RNS Number : 3466A
22 September 2022
Issued: 22 September 2022, London UK
Oncologic Drugs Advisory Committee to review Zejula overall
survival data from the NOVA phase III trial in recurrent ovarian
GSK plc (LSE/NYSE: GSK) today announced that the US Food and
Drug Administration (FDA) will convene a meeting of the Oncologic
Drugs Advisory Committee (ODAC) to discuss overall survival (OS)
data from the ENGOT-OV16/NOVA phase III clinical trial . NOVA is a
randomised, double-blind, placebo-controlled phase III trial of
Zejula (niraparib), an oral, once-daily poly (ADP-ribose)
polymerase (PARP) inhibitor for the maintenance treatment of women
with platinum-sensitive recurrent ovarian cancer.
The phase III NOVA trial met the primary endpoint of
progression-free survival (PFS) in both the gBRCAm and non-gBRCAm
cohorts, demonstrating a statistically significant and clinically
meaningful treatment effect of Zejula in this patient population,
regardless of biomarker status. These PFS results served as the
primary basis for the US FDA approval for the maintenance treatment
of women with recurrent epithelial ovarian, fallopian tube, or
primary peritoneal cancer who are in complete or partial response
to platinum-based chemotherapy. Overall survival was a secondary
endpoint. Updated final overall survival data was recently shared
with the FDA.
Hesham Abdullah, SVP, Global Head of Oncology Development, GSK
said: "We believe PARP inhibitors, including Zejula, are important
options for the maintenance treatment of patients with recurrent
ovarian cancer, across all biomarker subgroups, who are in complete
or partial response to platinum-based chemotherapy. We look forward
to continuing our ongoing discussions with the FDA."

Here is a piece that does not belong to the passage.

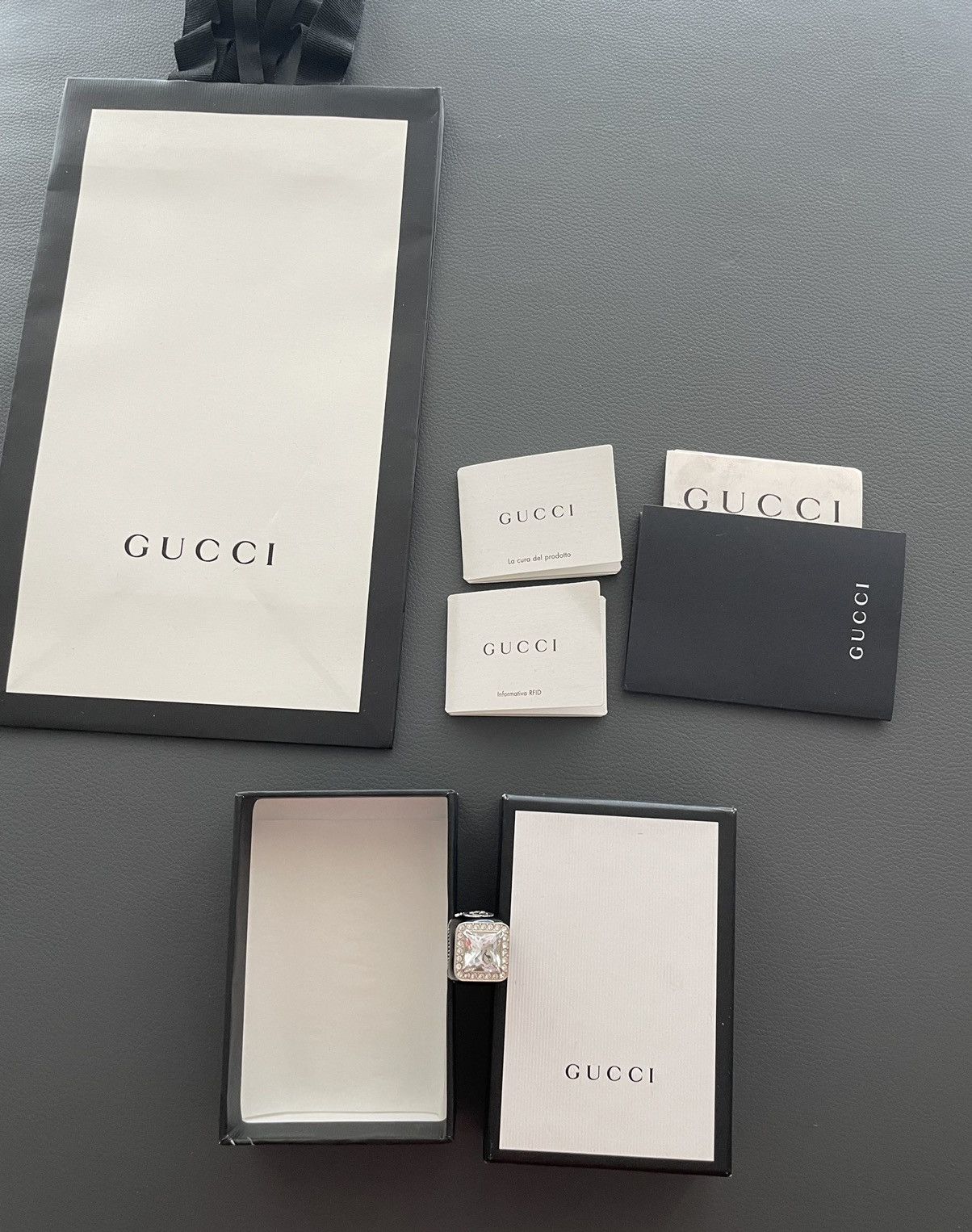 Gucci New Super Runway Limited Edition Diamond 💎 Stone Men’s Ring Size ONE SIZE - 8 Thumbnail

The ODAC meeting is scheduled for 22 November 2022. This is not
related to the niraparib indication in the maintenance treatment of
adult patients with advanced epithelial ovarian, fallopian tube, or
primary peritoneal cancer who are in a complete or partial response
to first-line platinum-based chemotherapy .
About ovarian cancer
Ovarian cancer is the eighth most common cancer in women
worldwide. [i] Despite high response rates to platinum-based
chemotherapy in the front-line setting, approximately 85% of
patients will experience disease recurrence. [ii] Once the disease
recurs, it is rarely curable, with decreasing time intervals to
each subsequent recurrence.
About Zejula (niraparib)
Zejula is an oral, once-daily PARP inhibitor currently being
evaluated in multiple pivotal trials. GSK is building a robust
clinical development programme by assessing activity across
multiple tumour types and evaluating several potential combinations
of Zejula with other therapeutics. The ongoing development
programme includes several combination studies.
ZEJULA is indicated:
-- for the maintenance treatment of adult patients with advanced
epithelial ovarian, fallopian tube, or primary peritoneal cancer
who are in a complete or partial response to first-line
-- for the maintenance treatment of adult patients with
recurrent epithelial ovarian, fallopian tube, or primary peritoneal
cancer who are in a complete or partial response to platinum-based
Important Safety Information for ZEJULA
Myelodysplastic syndrome/acute myeloid leukemia (MDS/AML),
including some fatal cases, was reported in 15 patients (0.8%) out
of 1785 patients treated with ZEJULA monotherapy in clinical
trials. The duration of therapy in patients who developed secondary
MDS/cancer therapy-related AML varied from 0.5 months to 4.9 years.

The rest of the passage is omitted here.